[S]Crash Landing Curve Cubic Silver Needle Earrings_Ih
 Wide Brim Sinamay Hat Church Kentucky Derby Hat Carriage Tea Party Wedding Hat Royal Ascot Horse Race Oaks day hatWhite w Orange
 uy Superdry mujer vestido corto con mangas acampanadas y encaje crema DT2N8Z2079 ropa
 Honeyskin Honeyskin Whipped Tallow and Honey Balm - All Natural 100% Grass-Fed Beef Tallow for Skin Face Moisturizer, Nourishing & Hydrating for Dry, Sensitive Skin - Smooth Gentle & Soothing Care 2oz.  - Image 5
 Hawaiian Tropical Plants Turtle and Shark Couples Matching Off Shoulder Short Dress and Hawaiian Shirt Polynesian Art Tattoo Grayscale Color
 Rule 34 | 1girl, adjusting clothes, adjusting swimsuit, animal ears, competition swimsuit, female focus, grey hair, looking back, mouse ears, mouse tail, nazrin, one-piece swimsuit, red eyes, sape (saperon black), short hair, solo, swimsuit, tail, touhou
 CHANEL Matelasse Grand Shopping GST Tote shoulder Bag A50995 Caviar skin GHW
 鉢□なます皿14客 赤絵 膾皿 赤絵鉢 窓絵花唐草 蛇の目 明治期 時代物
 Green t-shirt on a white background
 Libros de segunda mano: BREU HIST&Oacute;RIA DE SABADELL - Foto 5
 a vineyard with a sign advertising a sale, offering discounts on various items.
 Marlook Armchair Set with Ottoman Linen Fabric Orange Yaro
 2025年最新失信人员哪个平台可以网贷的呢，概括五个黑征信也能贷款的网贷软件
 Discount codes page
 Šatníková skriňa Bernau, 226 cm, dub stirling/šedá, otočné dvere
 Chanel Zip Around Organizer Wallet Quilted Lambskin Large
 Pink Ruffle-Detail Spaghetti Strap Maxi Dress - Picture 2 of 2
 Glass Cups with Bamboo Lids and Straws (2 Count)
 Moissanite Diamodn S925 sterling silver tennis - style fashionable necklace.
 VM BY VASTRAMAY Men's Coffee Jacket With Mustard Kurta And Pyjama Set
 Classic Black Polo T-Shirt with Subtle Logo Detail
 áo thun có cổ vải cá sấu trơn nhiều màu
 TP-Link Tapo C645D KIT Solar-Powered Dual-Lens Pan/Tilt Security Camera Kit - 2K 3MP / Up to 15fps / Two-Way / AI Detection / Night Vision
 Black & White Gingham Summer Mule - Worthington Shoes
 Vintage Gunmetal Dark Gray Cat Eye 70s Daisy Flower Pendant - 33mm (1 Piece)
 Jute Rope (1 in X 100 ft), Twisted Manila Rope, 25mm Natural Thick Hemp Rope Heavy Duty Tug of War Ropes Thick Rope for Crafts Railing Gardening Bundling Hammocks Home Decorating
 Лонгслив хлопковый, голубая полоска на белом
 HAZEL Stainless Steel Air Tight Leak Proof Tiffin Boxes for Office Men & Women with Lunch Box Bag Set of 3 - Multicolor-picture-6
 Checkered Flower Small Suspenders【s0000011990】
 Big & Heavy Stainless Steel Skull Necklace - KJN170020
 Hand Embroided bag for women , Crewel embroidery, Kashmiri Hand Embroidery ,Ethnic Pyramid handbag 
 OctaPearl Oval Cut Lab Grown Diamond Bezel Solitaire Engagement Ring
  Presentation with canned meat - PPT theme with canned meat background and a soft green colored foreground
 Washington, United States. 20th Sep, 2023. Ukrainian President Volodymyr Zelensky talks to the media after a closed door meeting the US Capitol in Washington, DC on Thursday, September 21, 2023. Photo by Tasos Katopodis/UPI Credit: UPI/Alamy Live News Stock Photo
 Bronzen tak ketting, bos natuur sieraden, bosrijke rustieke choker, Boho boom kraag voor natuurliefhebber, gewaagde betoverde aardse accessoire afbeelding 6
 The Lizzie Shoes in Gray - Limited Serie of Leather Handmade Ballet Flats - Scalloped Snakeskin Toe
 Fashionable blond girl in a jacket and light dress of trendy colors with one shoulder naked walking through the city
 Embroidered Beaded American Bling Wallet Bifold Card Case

########################################

**WORK ORDER**.
As listed above, the lines from the line with "The Lizzie Shoes" to the line with "Fashionable blond girl" are to be echoed exactly, with both ends included and nothing added.

**EXERCISE RESPONSE**.
 The Lizzie Shoes in Gray - Limited Serie of Leather Handmade Ballet Flats - Scalloped Snakeskin Toe
 Fashionable blond girl in a jacket and light dress of trendy colors with one shoulder naked walking through the city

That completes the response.